Why you would want it to go to the user focus is because usually commands and menus apply to the currently selected control or field or something like that. The best example is an Edit Text field. You know, cut, copy, and paste obviously apply to the user focus. and we've predefined a whole bunch of commands if you look in Carbon events dot h uh... we have things for like quit, copy, paste, uh... a number of things and the interesting thing is that a control can actually generate a command as well and we'll actually see an example of that very shortly so short in fact that it's now so what i'd like to do is actually bring up Guy Fullerton who works on HLTV with me to show you a little demo and he's actually over there Okay, so if I can switch over to the demo machine, that would be helpful.

So as Ed mentioned earlier in the presentation, the toolbox is attempting to become a framework. It's attempting to do a lot of the work that your applications used to have to do on its own. And we want to make your lives easier and allow you guys to write a lot less code and just deal with the code that gives your app the unique functionality. And I want to show you a couple of admittedly fairly simple examples of that. The first one is a simple Hello World application. It's got one source file.

Fairly short, about a page, page and a half of code. Our main does some fairly simple stuff. We install a standard menu bar. We create a window. We install an event handler on that window. We show the window. And we call the run application event loop API that Ed mentioned earlier. And then we quit. When our event loop exits, we're going to end up being done. Our window handler looks for two events. We look for a draw content event, and we look for a window close event. We do a little bit of special processing.

I have a routine which does my window drawing. And then I have a utility function I called for my main routine called install standard menu bar. There's no event processing in this code at all. I'm never calling wait next event. I'm never fetching events. I'm never looking for clicks in the menu bar, clicks in windows, or anything like that.

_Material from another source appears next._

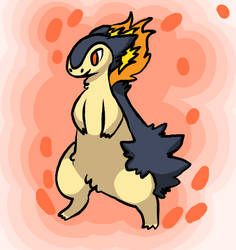 Typhlosion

And when I run the app, You get the simple app. And it does a lot of the stuff that your application normally has to do on its own. It tracks menus, you can move the window around, you can grow it, you can window shade it, and do all the stuff that you would expect a normal Mac OS X application to do, and you did it in about a page, page and a half of code.

So I want to show you a slightly more complex example. When we're doing work on the toolbox, we're doing a lot of work on user interface. And the last several months have been spent on Aqua. And we have to do a lot of checking to make sure our interface is just right.

We need to zoom in the pixels and make sure the right shadowing is going on and all this stuff. But for Mac OS X, we didn't have a tool to help us do that. So last year, we actually wrote a tool called Magnify to do that. And we thought, well, we're writing an app for the ground up. We might as well test out our Carbon event model and see how that's going. So we decided to implement it with Carbon events.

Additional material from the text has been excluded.